A North Shore butcher is having the book thrown at him by the feds—literally.
The book is called "Bust: How I Gambled and Lost a Fortune, Brought Down a Bank--and Lived to Pay for It." It's the autobiography of imprisoned gambling junkie Adam Resnick, who helped destroy a Chicago bank by pilfering more than $10 million to pay his gambling debts.
The butcher is Dominic Poeta, a short fellow with plenty of muscle in his neck and hands, like a fighter or a jockey.
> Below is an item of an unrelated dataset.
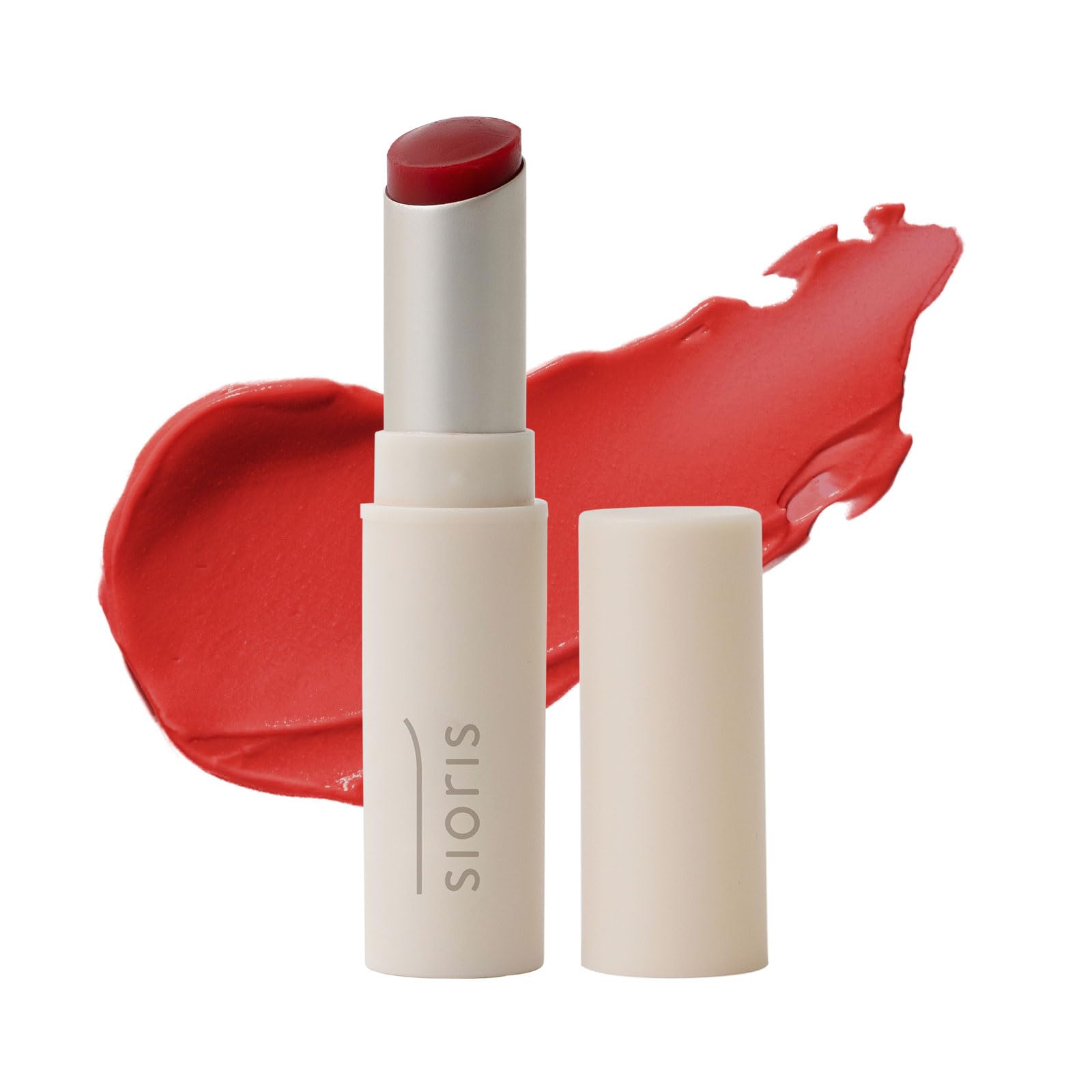 Lip Butter - Lipsafer Color Balm Reddish, Nourishing Lip Care with Cupuau Seed Oil & Camellia Oil, Petrolatum-Free, Dye-Free, Fr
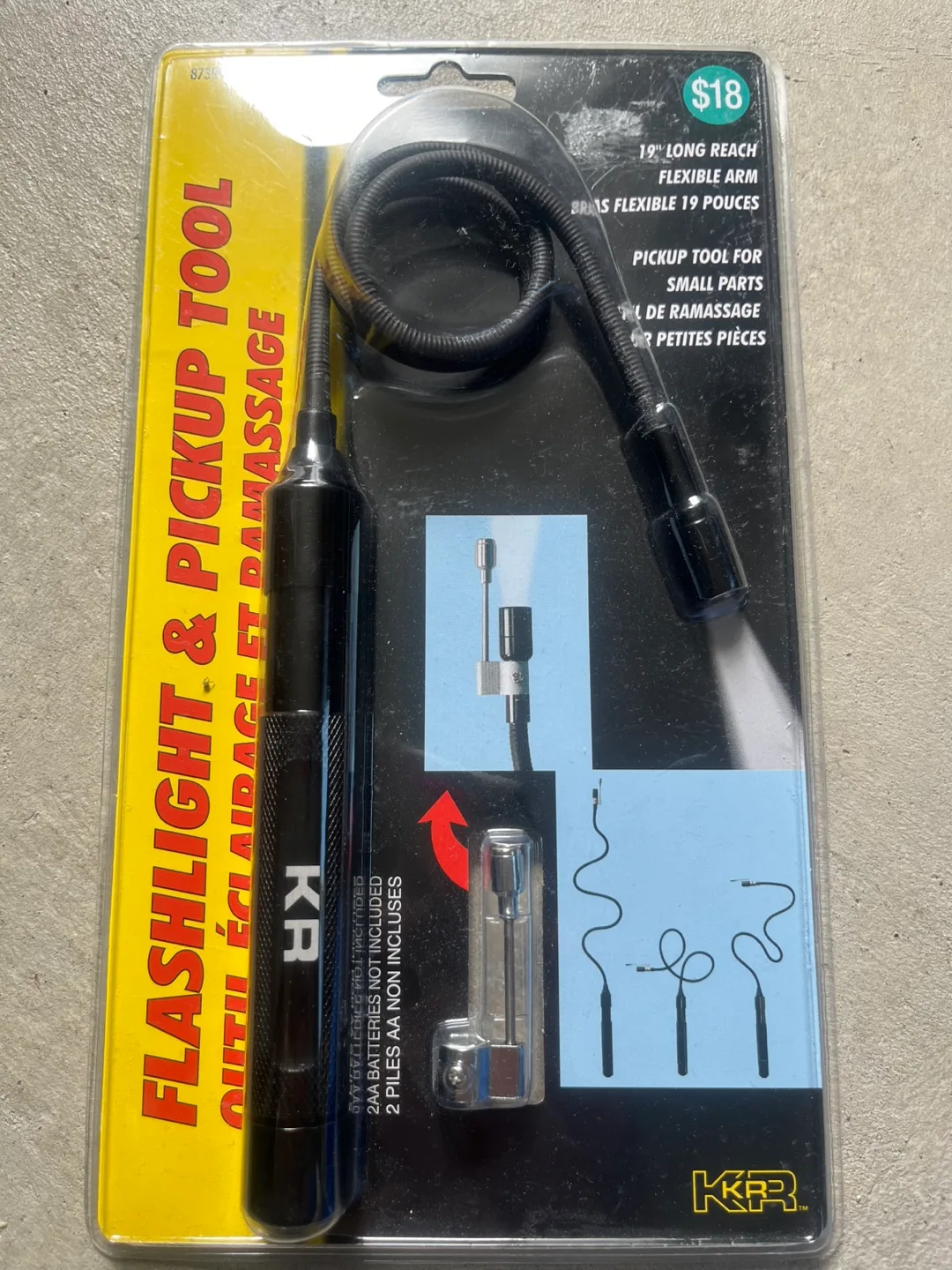 New K&R Flashlight & Pickup Tool thumbnail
He's feeling pressure, and he doesn't like being squeezed like a handful of ground pork spiked with dry fennel, some sausage from a grinder.
"Please help me," he told me, as we stood Poeta's Food Market in Highwood this week. "I just want this to end. I'm not the guy they say I am. I was the go-between. I'm nobody big." But federal authorities hunting the Chicago Outfit by tracing their lifeblood—the illegal sports booking operation—believe he's big enough.
The feds, who took down a chunk of the Chicago Outfit in the Family Secrets trial, aren't finished. Some are loyal Resnick readers, particularly Assistant U.S. Atty. Joseph Stewart, who took copious notes on "Bust: How I Gambled and Lost a Fortune, Brought Down a Bank--and Lived to Pay for It."
Stewart argues in federal court filings that Poeta is a bookie who accepted $647,211 in checks from Resnick for gambling debts and that Poeta plays a part in Resnick's book under the alias "Luciano 'Lucky' Petrelli."
There are other wacky characters in the book, including a Tavern on Rush fixture named Marty, who augments his income by bringing high rollers to casinos for a percentage, and is described as a "slimmer, younger version of the opera singer Andrea Bocelli."
We called Tavern on Rush boss Marty Gutilla to determine whether he is a Bocelli fan but he didn't return our call.
There's also an unnamed state senator in the book, who drives with Marty and Resnick to the gambling boats, where the state senator talks and talks about sports and politics the Chicago Way. Jeepers. Do any of you know this guy?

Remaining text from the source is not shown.